Ist die Spirale der Eskalation erst einmal in
Gang gesetzt, gibt es scheinbar kein Halten mehr. Weil Günter Grass
in seinem Gedicht »Was gesagt werden muss« Israel als Risiko für den
Weltfrieden kritisiert, haut ihm Henryk M. Broder gleich das
Totschlagargument »Antisemit« um die Ohren. Grass wiederum, verärgert
über die Kritik im deutschen Blätterwald an den Aussagen seines
Gedichts, wettert gegen die angeblich »gleichgeschaltete Presse«. Zu
Ostern dann der Höhepunkt der Tag für Tag steigenden Aufregung:
Israel erteilt Grass ein Einreiseverbot, Innenminister Eli Jischai
fordert sogar die Aberkennung des Literaturnobelpreises. Ohne Not ist
aus einem simplen Gedicht ein Politikum geworden. Die Hauptschuld
daran trägt Grass selbst. Entgegen dem Titel hätte gerade nicht
gesagt werden müssen, was er Mitte der Woche veröffentlichte.

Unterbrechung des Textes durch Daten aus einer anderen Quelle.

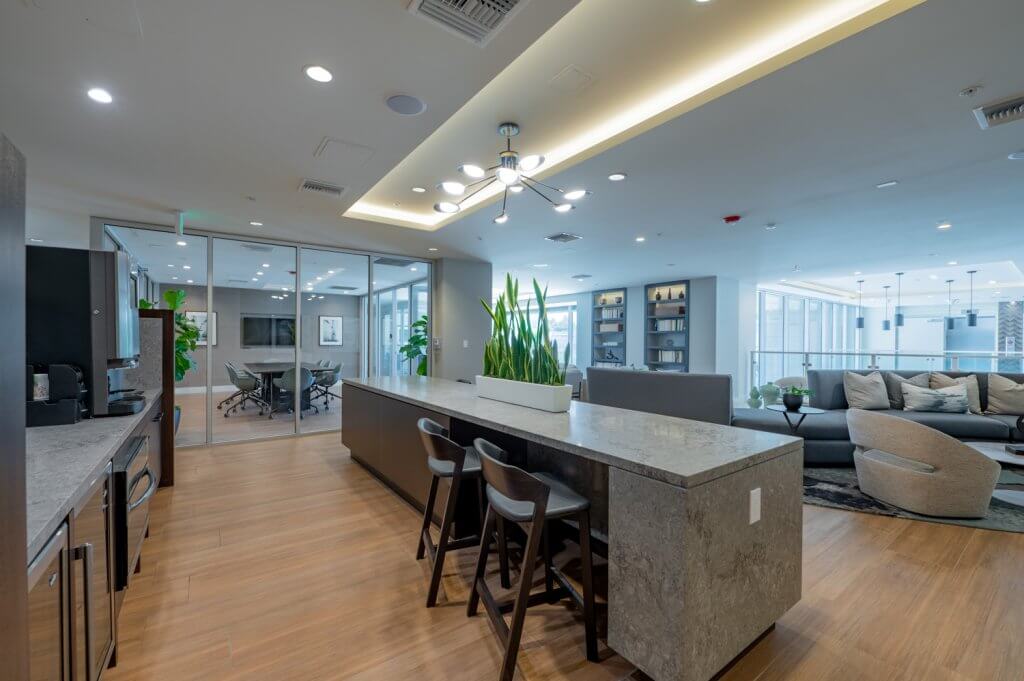 Modern kitchen and lounge area with a large countertop and seating, overlooking a conference room.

Dem
84-Jährigen sind offenbar die Pferde durchgegangen, das Gedicht ist
so überflüssig wie ein Kropf und dessen Inhalt eine Verkehrung der
Sachlage. Nicht die Atommacht Israel gefährdet den »brüchigen
Weltfrieden«, wie Grass behauptet, sondern der Iran ist der
entscheidende Unsicherheitsfaktor in der Region. Dessen
diktatorisches Regime strebt nach militärischer Macht und beunruhigt
die Demokratie Israel. Grass– Gedicht ist schlicht eine Provokation.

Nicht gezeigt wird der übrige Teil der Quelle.